Image Hosted by ImageShack.us

Prior to the election this looked like a significant GOP leaning "house effect." Now that the election has taken place we can say that it was the live interviewer surveys that had a significant DFL bias.

For as much heat as Rasmussen has taken for their polling this year, in Minnesota they were one of the more accurate pollsters. Certainly much more accurate than Humphrey institute or St. Cloud St.

The same is true of 2006, the automated polls faired much better.

Image Hosted by ImageShack.us

And again, the DFL candidates share isn't affected by the type of poll nearly as much, it is the GOP candidate that experiences about a 5 point drop off.

Beyond the fact that the automated polls have been more accurate, is the fact that the automated pollsters in the above lists have much better pollster ratings than those in the live interviewer list, so we should expect them to produce better polls.

In 2006 and 2010, in fact, the most accurate public poll released in the last month of the campaign was the last SurveyUSA poll and not coincidentally they are the best rated pollster to poll those races.

The least accurate polls of those two elections were from Humphrey institute and St. Cloud St, which, also not coincidentally, are among the least accurate pollsters.

Regardless of this, the relative inaccuracy of the live interviewer polls and pollsters shouldn't resolve itself in a consistent DFL bias. If it was just a case of bad polling we would expect the live interviewer polls to overestimate the GOP vote share as well on occasion, but this hasn't happened.

Something else is going on besides bad polling.

One possibility; response bias.

Fundamentally the difference between live interviewer polls and automated polls is that in the former you speak with an actual person who asks questions and records answers. In the latter the questions are asked by a computer and the responses are received by pressing digits on the phone.

Due to these difference's robo-polls have a comparatively lower response rate to that of live-interviewer polls. When being polled by a live interviewer firm, the person conducting the phone call can help to persuade you to stay on the line for the entire survey and people may be less inclined to hang up on an actual person.

When being polled by a computer some people will hang up part way through and there is no one there to convince them to complete the survey. This is just one way in which an automated poll can exhibit a response bias.

Another way:

What if voters are more likely to admit their tolerance for marijuana to an automated script, which may create the feeling of greater anonymity? Marijuana usage remains fairly stigmatized in polite society in America, enough so that even liberal politicians like Barbara Boxer, Dianne Feinstein, Jerry Brown and Barack Obama have refused to state their support for legalizing the drug. But as most Americans between ages 20 and 55 have smoked marijuana, they may not consider it such a big deal in the privacy of their homes -- or the privacy of the ballot booth.

In this theory Tom Emmer is Marijuana, and the Minnesota electorate is embarrassed to tell a live interviewer that they support him.

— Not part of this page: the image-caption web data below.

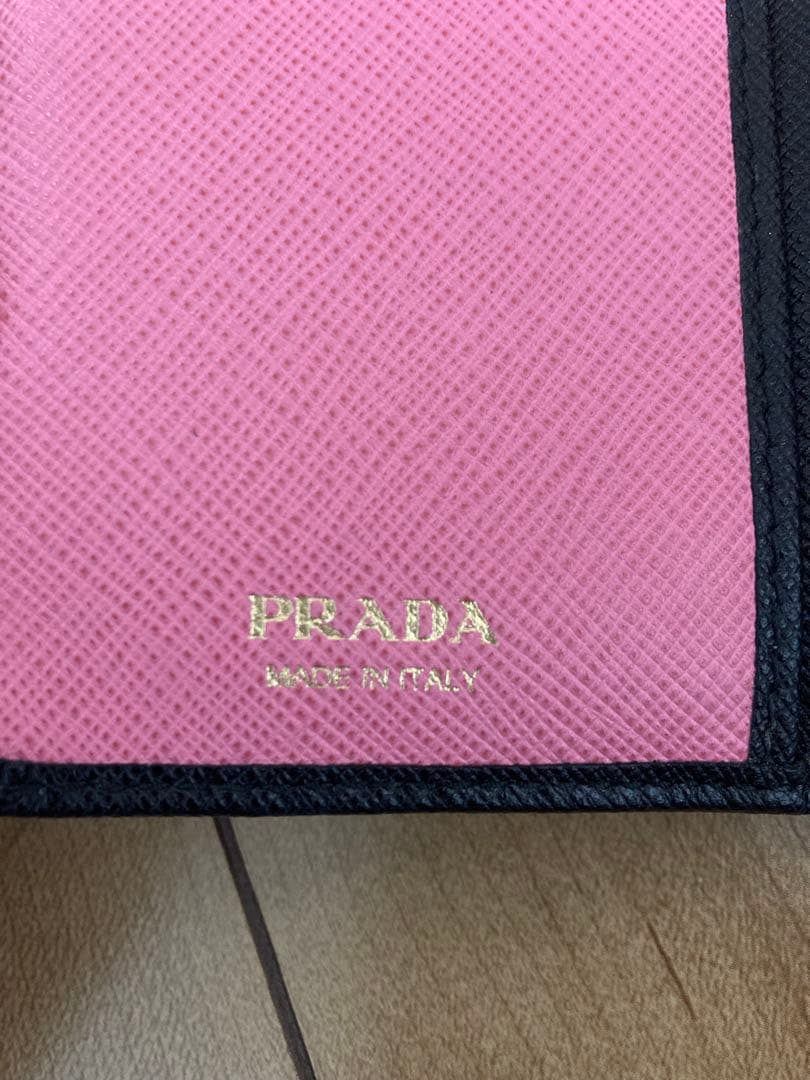 PRADA ブラック サフィアーノレザー 二つ折り財布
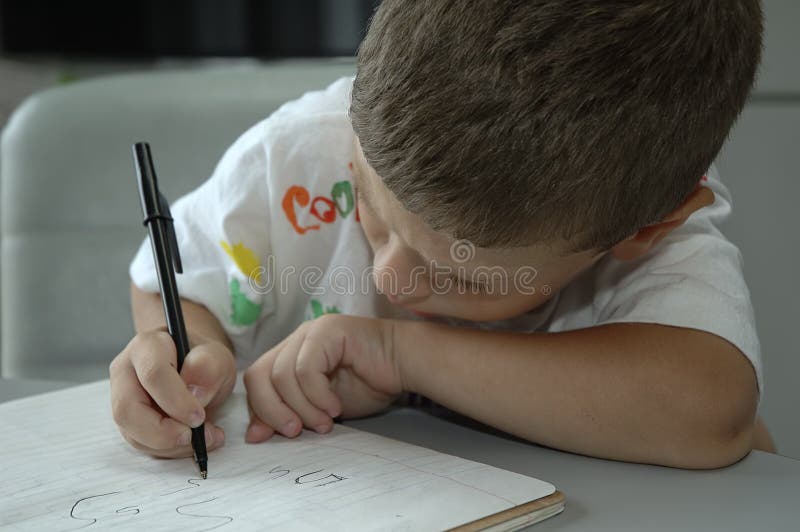Het Schrijven van het kind stock foto Het Schrijven van het kind stock foto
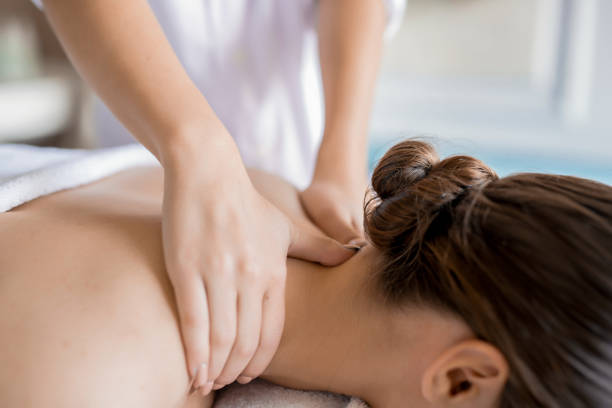 9 Best Shoulder Massage Spots In SG For Women To Try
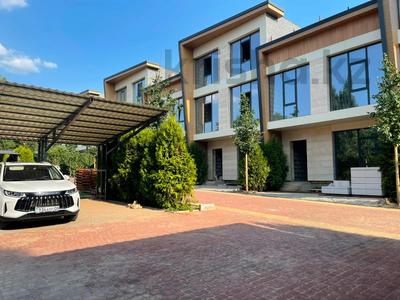 5-комнатная квартира · 289.3 м² · 3/3 этаж, мкр Ерменсай, 4-ый переулок 5/1 за 285 млн ₸ в Алматы, Бостандыкский р-н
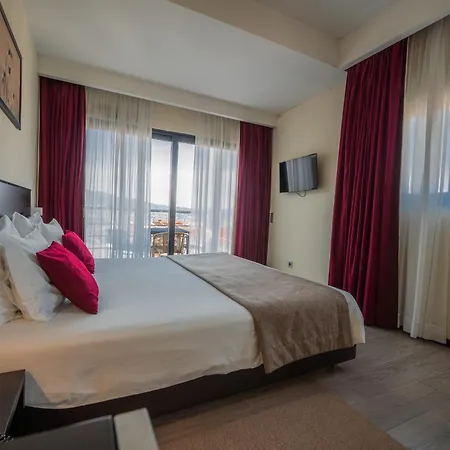 Sao Pedro - Hotel Arouca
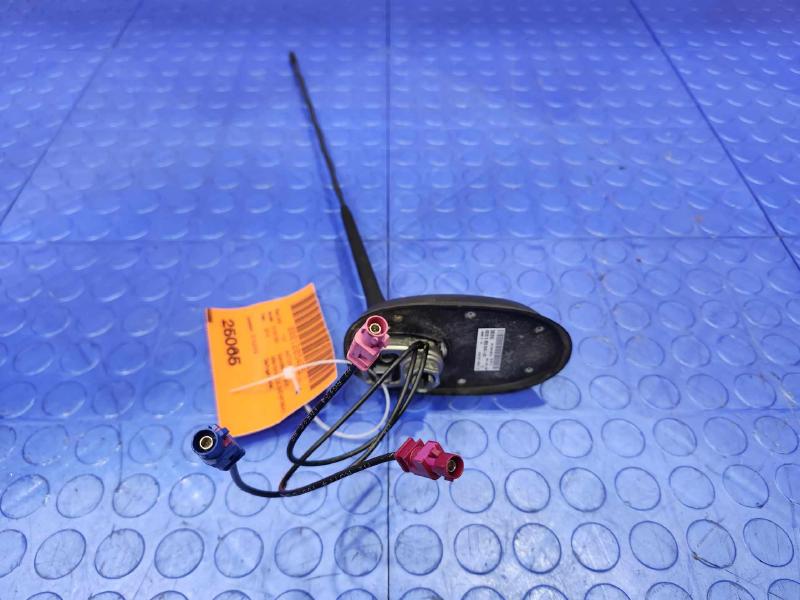2014 MINI Cooper Countryman Antenna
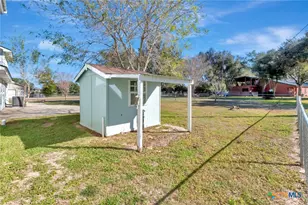 445 Lakeshore Dr, Victoria, TX 77905 - Photo 35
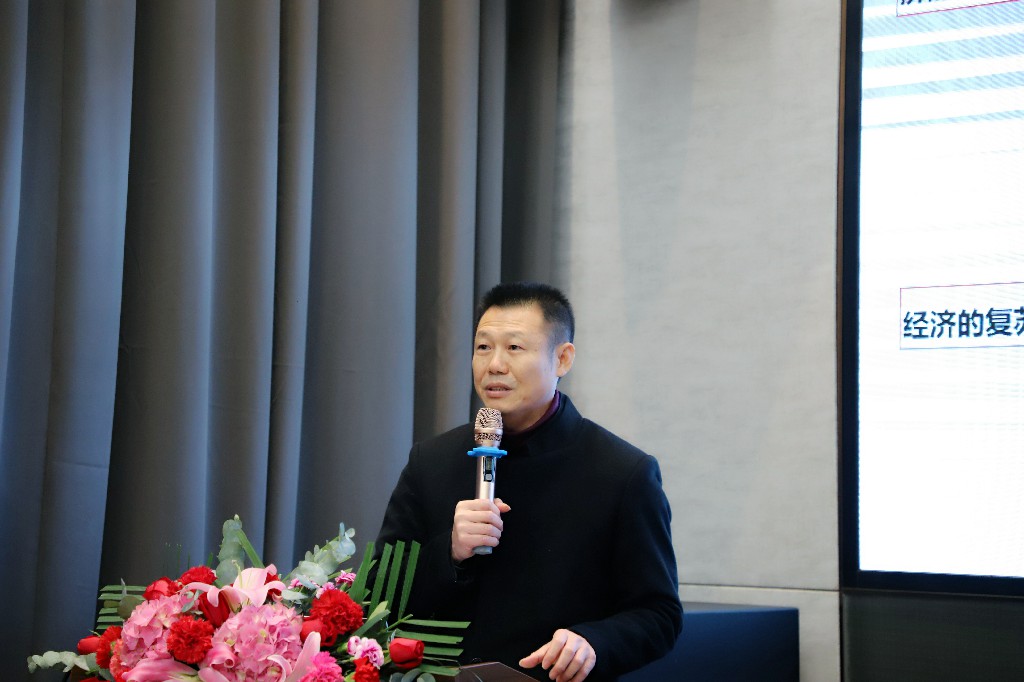 集團(tuán)2023年度總結(jié)暨2024年度戰(zhàn)略規(guī)劃會(huì)議成功召開(圖7)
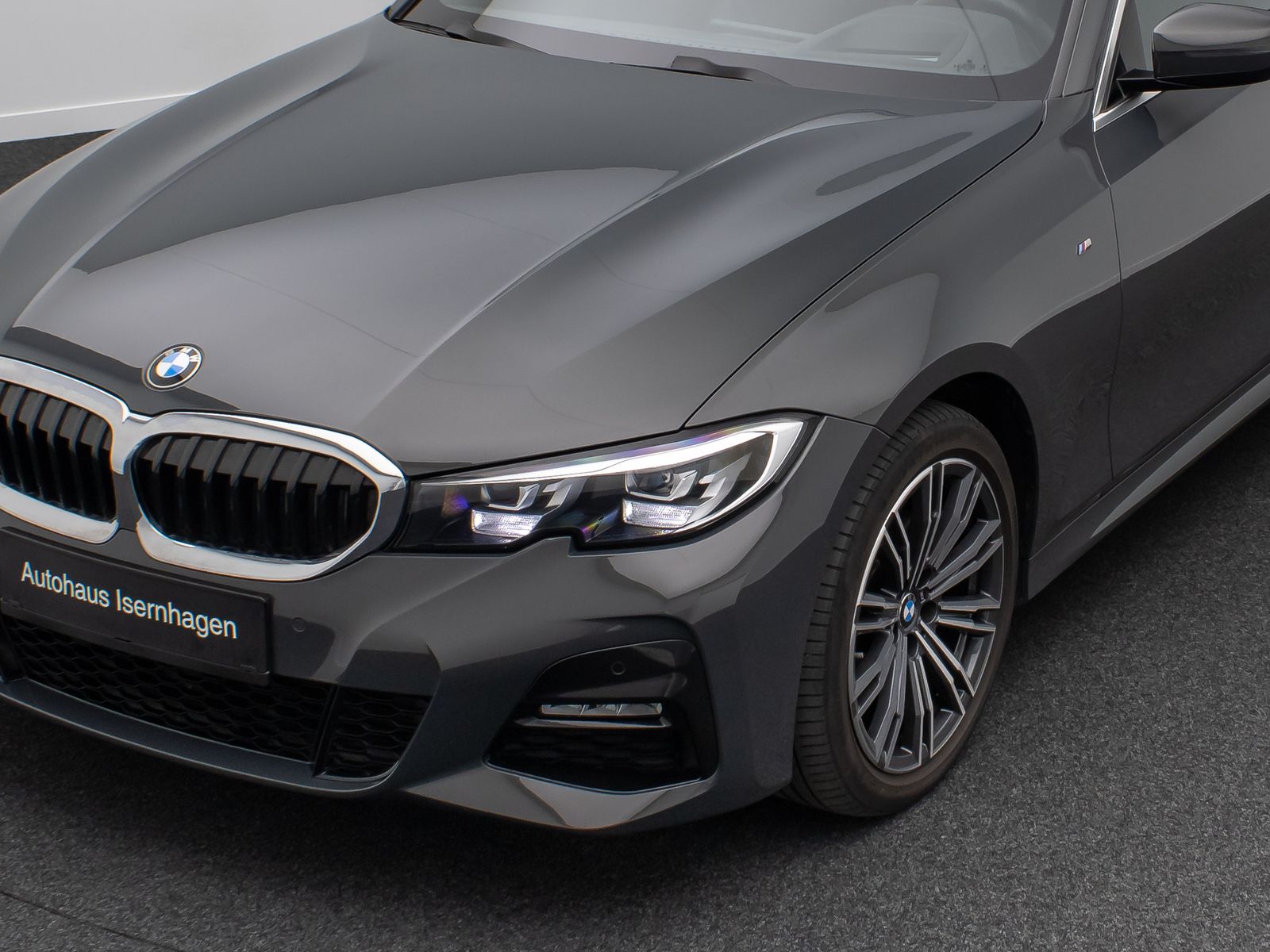 Fahrzeugabbildung BMW 320d xD M Sport HUD HiFi DAB Individual Panorama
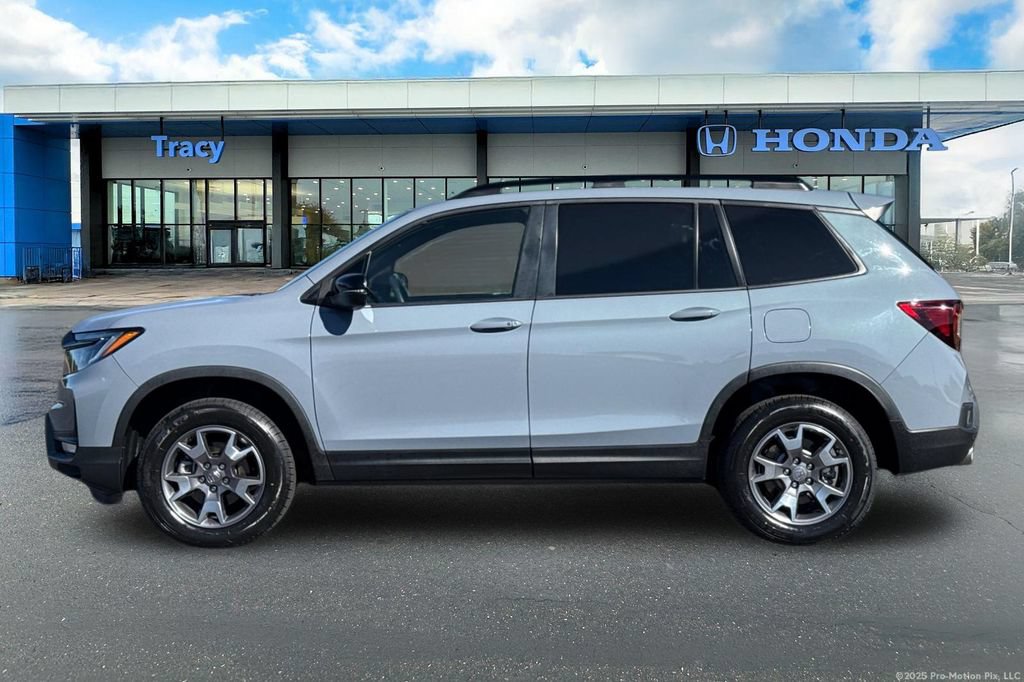 Certified 2023 Honda Passport TrailSport image 12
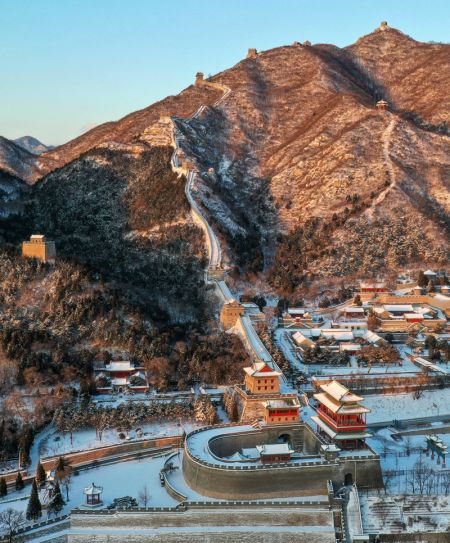 (miniature) Photo aérienne du paysage enneigé de la section de Juyongguan de la Grande Muraille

I'm somewhat doubtful that this is the case, after all, why would it only show up in Minnesota Governor's races, only the most recent of which featured Tom Emmer, and not Senate or Presidential race's.

Nonetheless, the relative accuracy of the robo-polls might have something to do with the response bias that goes with them.

Another possibility; likely voter screens

The polling in the 2004 and 2008 Presidential elections and the 2008 Senate election was very accurate, the polling in 2010 and 2006 less so.

Could it be the electorate that shows up in mid-terms in Minnesota is substantially different than the electorate that shows up in Presidential years?

In this case the answer could be that the better pollsters are better pollsters because of their better likely voter screens and the automated/live interviewer difference I'm picking up is really a difference in quality of pollster.

Additionally in the presidential years and the 2008 Senate race there were a ton of polls conducted which will tend to take care of whatever problems exist with individual pollsters through sheer quantity of data.

When you are dealing with a smaller amount of polling however, like in the 2006 and 2010 races, then maybe the quality of that polling should be of greater consideration. This sort of dovetails into the next topic, the possibility that the polls are actually right, or at least some of them.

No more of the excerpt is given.